I am not sure what I just did or saw. I had several colored graphs
charted and one gray. The gray didn't seem to move around, but the
colored ones sure did. I am afraid I didn't see what you were trying
to show me. I believe the colors were the different feed lines,
capacitors, etc used in the feedline shown. I tried removing them and
only leaving the feedline I chose to use. I don't know if I did
something wrong or not, but the gray line appeared to be the antenna
and it never appeared to move. The feedline markers moved radically.

I guess you're looking at the Smith chart in XLZIZL. What you are
seeing is correct. The gray trace is the load impedance and absent
changes in the antenna it will be fixed. If you look right to the
legend you will see what each of the colors represents.

So if you've modeled something in EZNEC and read the resulting data
file into ZLZIZL.xls and did a "Refresh and show Smith chart" you will
see the data plotted as the "Load"

Let's do a little (bit long) experiment that will clarify this (I
hope) and also demonstrate some of what happens in a matching network.

1. Open EZNEC and open the file "BYdipole.ez".

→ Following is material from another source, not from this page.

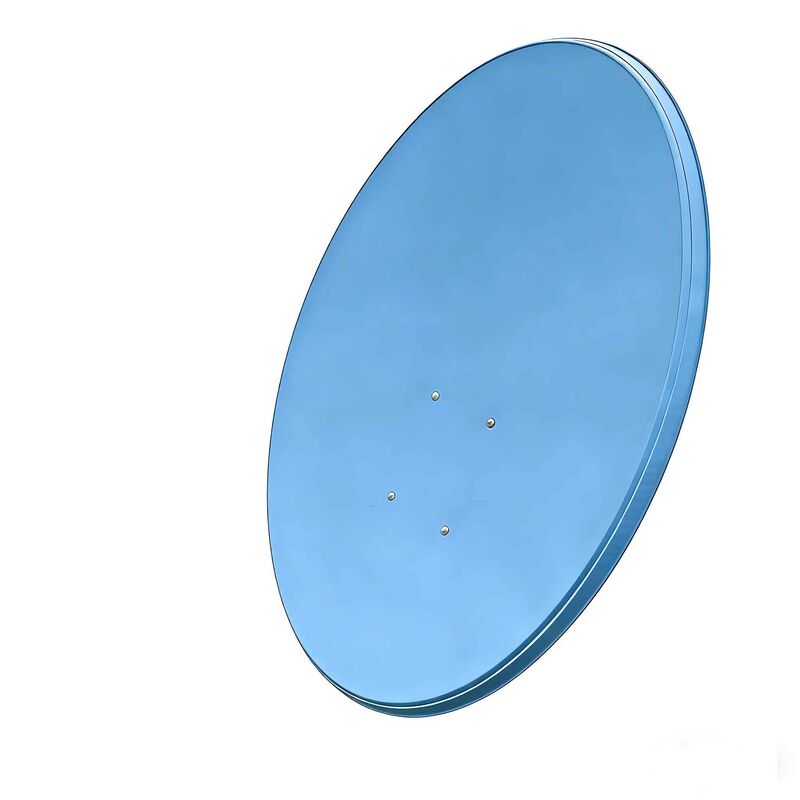 Galvanized Steel 60cm Ku-Band Dish - 10.7-12.75GHz, Heavy-Duty for Satellite Communication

2. Go to "Setups" (at the top of the window) and select "Frequency
Sweep."

3. When the pane opens, select "On" and type in 14.35 for the "Stop
Frequency" and .05 for the "Frequency Step."

4. Under output. check the box "Microsmith Files" and for file name
type "g5rv" and hit Ok.

5. Go to the "Wires" menu and change the Y value for End 1 to -51.
Change the Y value for End 2 to 51.

6. Do a "Save As" and type "g5rv".

7. Perform a Freq Swp. (Bottom left button).

8. Open XLZIZL, clear any old data or networks and read the g5rv.gam
file.

9. Press "Refresh and show Smith chart."

10. The gray trace is the plotted impedance of the feedpoint of the
102' dipole over the 20-meter band.

11. Now at this point Varney (G5RV) recommended a "matching section"
of 34' of open wire line, followed by a run of 72 ohm line to the
shack. (If you want to see how bad this idea was, you can experiment
with adding the lines in the Network dialog)

12. We are going to do it the "modern" way, by using ladderline and a
tuner.

13. In the Network definition dialog, select element position 5 and
set the type to "Transmission Line", select "Wireman 554" and set the
length to 50'. Set the element and close the pane.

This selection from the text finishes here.